*Required work*:
Begin the copy at the line containing "Brushed-Cashmere Tshirt in Orange" and end it at the final line of the material below, reproducing each line exactly, without images.

---------- The data

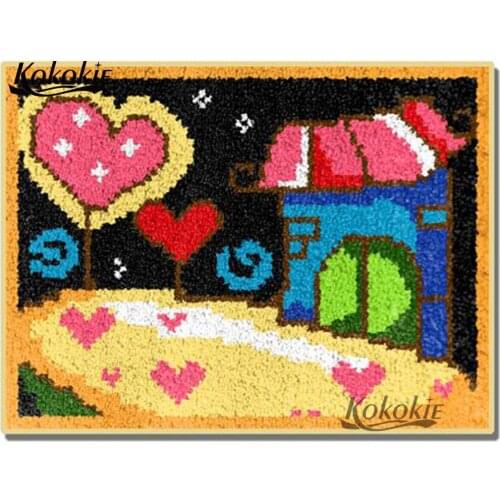 Diy 3d tapijt latch hook rug canvas cartoon crochet tapis home decor printing vloerklee foamiran for needleworksets knooppakket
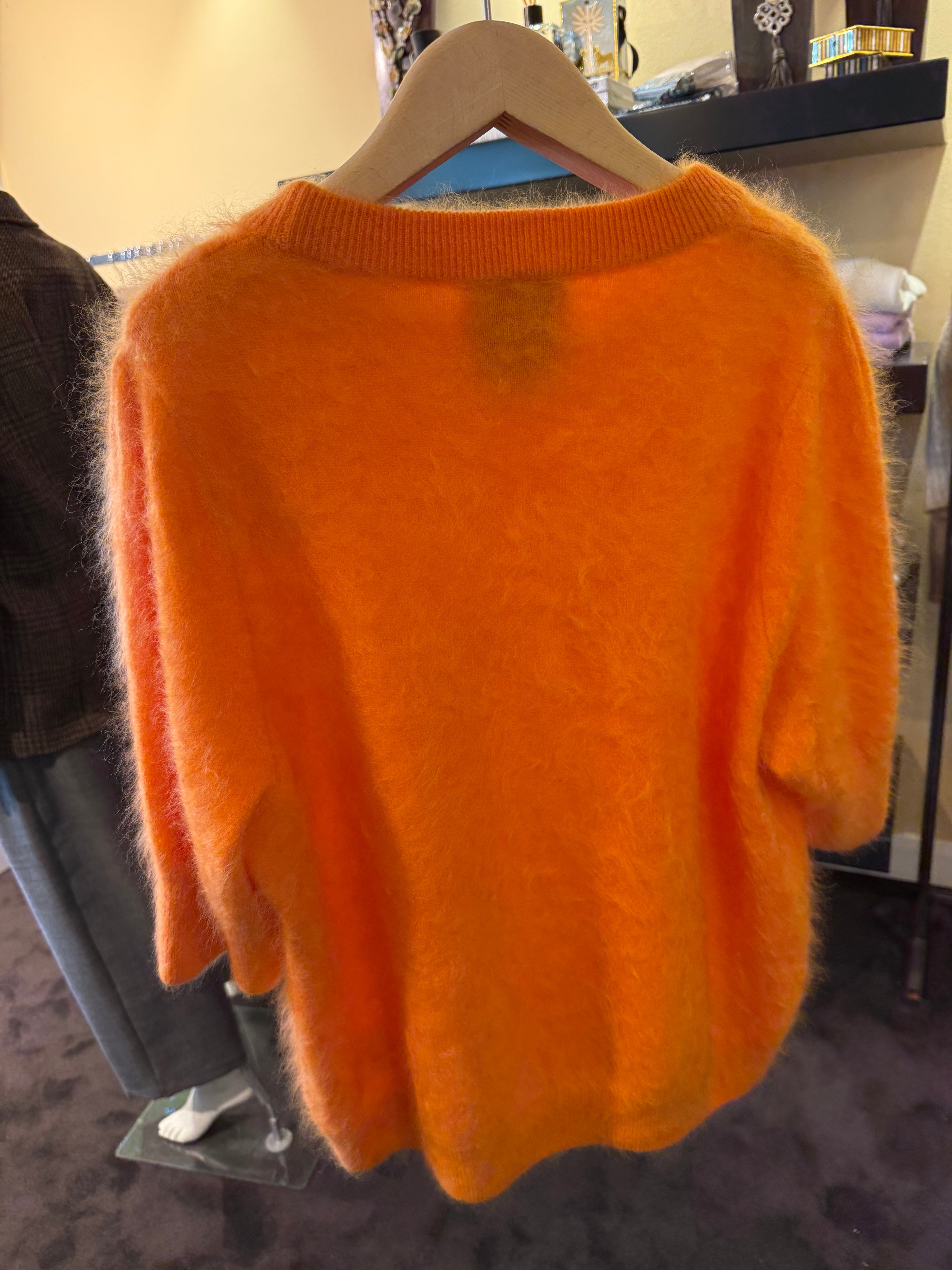 Brushed-Cashmere Tshirt in Orange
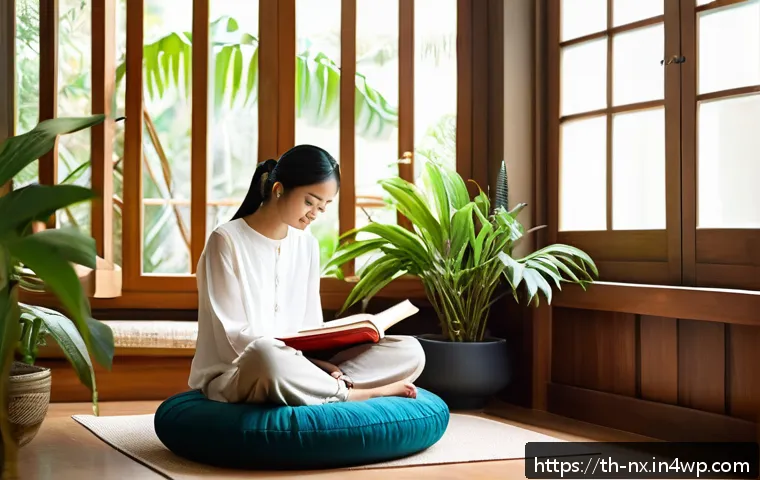 비판적 사고력 향상을 위한 비판적 독서법 - A cozy reading nook in a modern Thai home, featuring a young adult woman sitting cross-legged on a f...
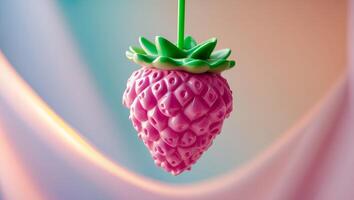 Pink Strawberry Shaped Decoration Against a Colorful Background photo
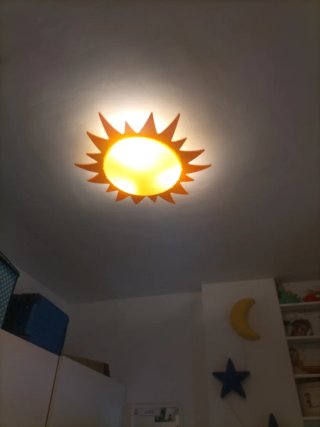 Lote 4 ámparas infantiles: Luna,3 estrellas y sol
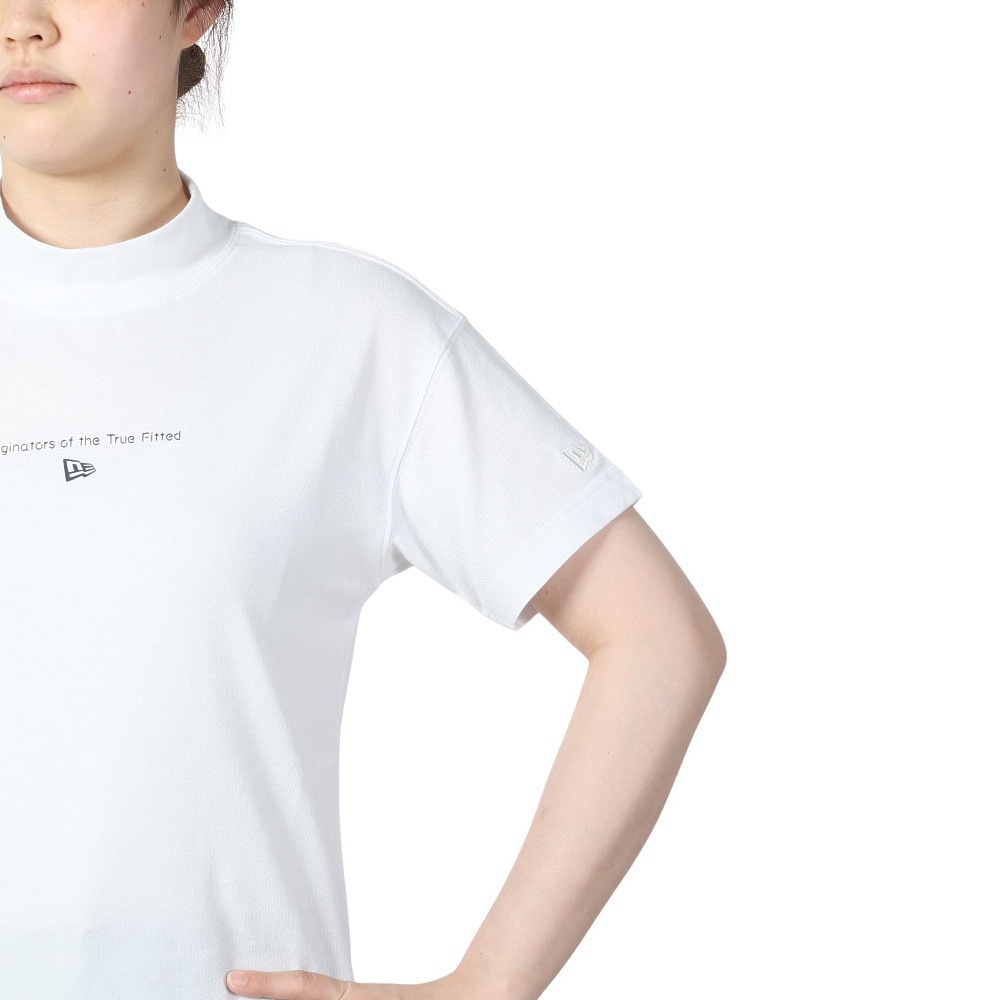 ニューエラ（NEW ERA）（レディース）ゴルフウェア 半袖モックネック 吸汗速乾 鹿の子 パフォーマンス Tシャツ Circle OOTTF 14108978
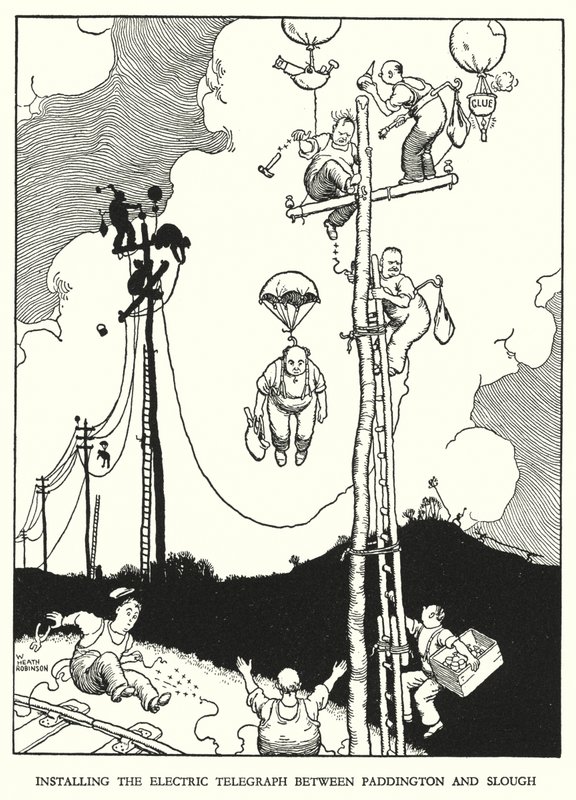 Illustration för Railway Ribaldry av W Heath Robinson (litho) av William Heath Robinson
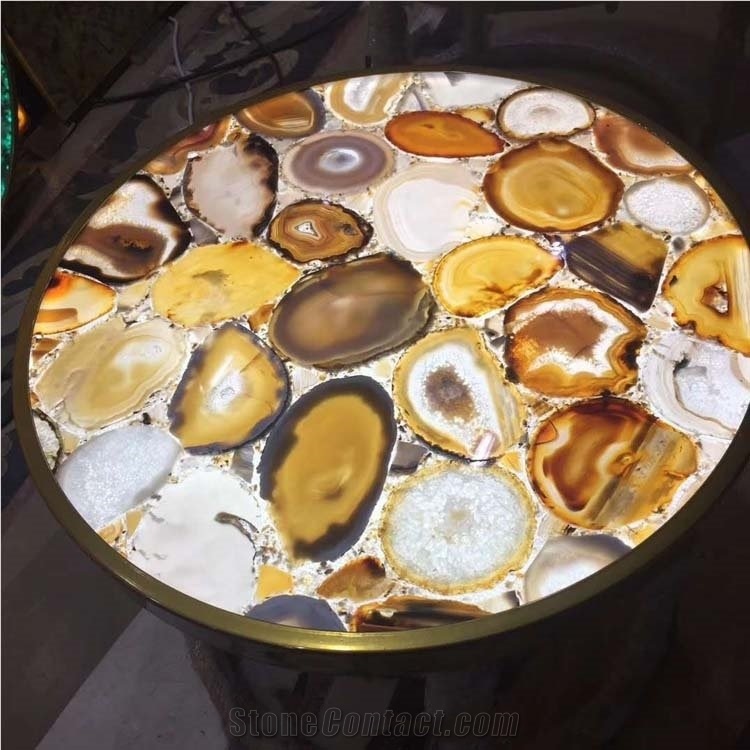 Agate Stone Round Cafe Table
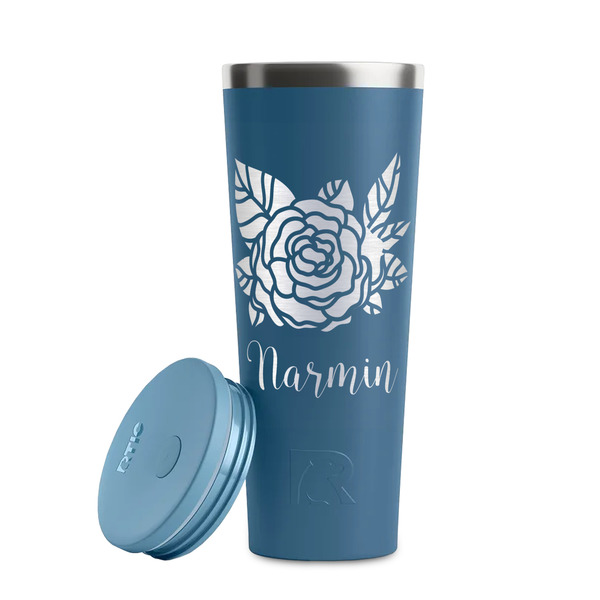 Watercolor Peonies Steel Blue RTIC Everyday Tumbler - 28 oz. - Lid Off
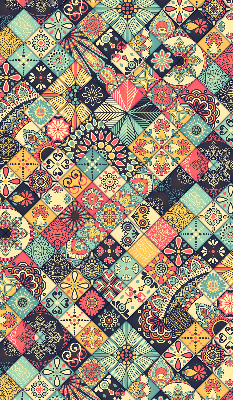 Fabric roller blind Colorful tiles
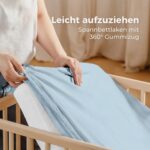 Dreamzie 3er Set Baby Spannbettlaken 55x90 cm + Matratzenschoner – 100% Baumwolle OEKO-TEX – Bild 7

--------------------

*Result*:
 Brushed-Cashmere Tshirt in Orange
 비판적 사고력 향상을 위한 비판적 독서법 - A cozy reading nook in a modern Thai home, featuring a young adult woman sitting cross-legged on a f...
 Pink Strawberry Shaped Decoration Against a Colorful Background photo
 Lote 4 ámparas infantiles: Luna,3 estrellas y sol
 ニューエラ（NEW ERA）（レディース）ゴルフウェア 半袖モックネック 吸汗速乾 鹿の子 パフォーマンス Tシャツ Circle OOTTF 14108978
 Illustration för Railway Ribaldry av W Heath Robinson (litho) av William Heath Robinson
 Agate Stone Round Cafe Table
 Watercolor Peonies Steel Blue RTIC Everyday Tumbler - 28 oz. - Lid Off
 Fabric roller blind Colorful tiles
 Dreamzie 3er Set Baby Spannbettlaken 55x90 cm + Matratzenschoner – 100% Baumwolle OEKO-TEX – Bild 7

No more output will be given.